Data provided:

- - -

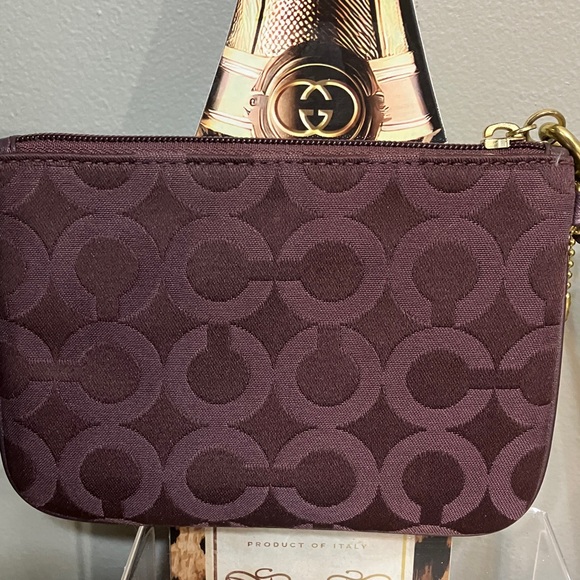 Coach Dark Plum Signature Wristlet - Picture 2 of 6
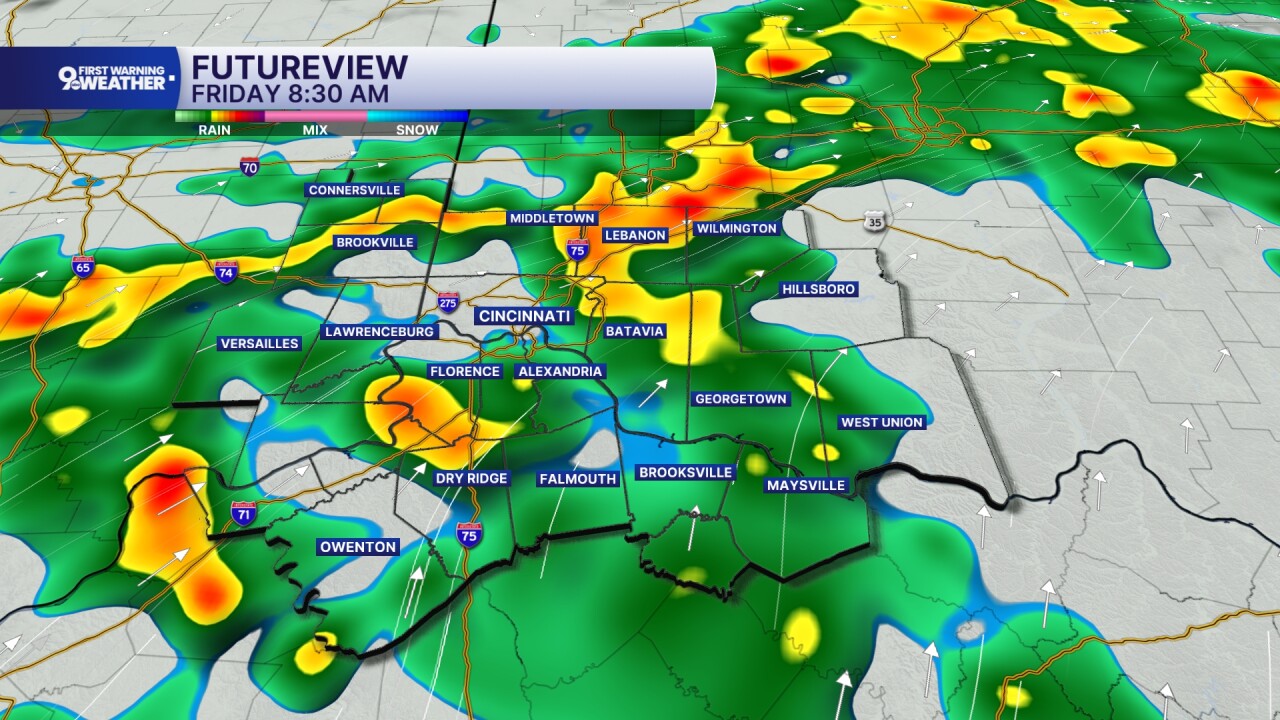 Friday morning rainfall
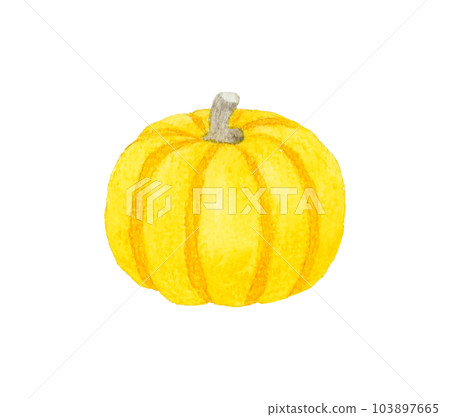 Yellow toy pumpkin Vegetable hand-painted watercolor illustration material 103897665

- - -

Task details: Type out the data above again exactly as written, minus the images.

Expected answer:
 Coach Dark Plum Signature Wristlet - Picture 2 of 6
 Friday morning rainfall
 Yellow toy pumpkin Vegetable hand-painted watercolor illustration material 103897665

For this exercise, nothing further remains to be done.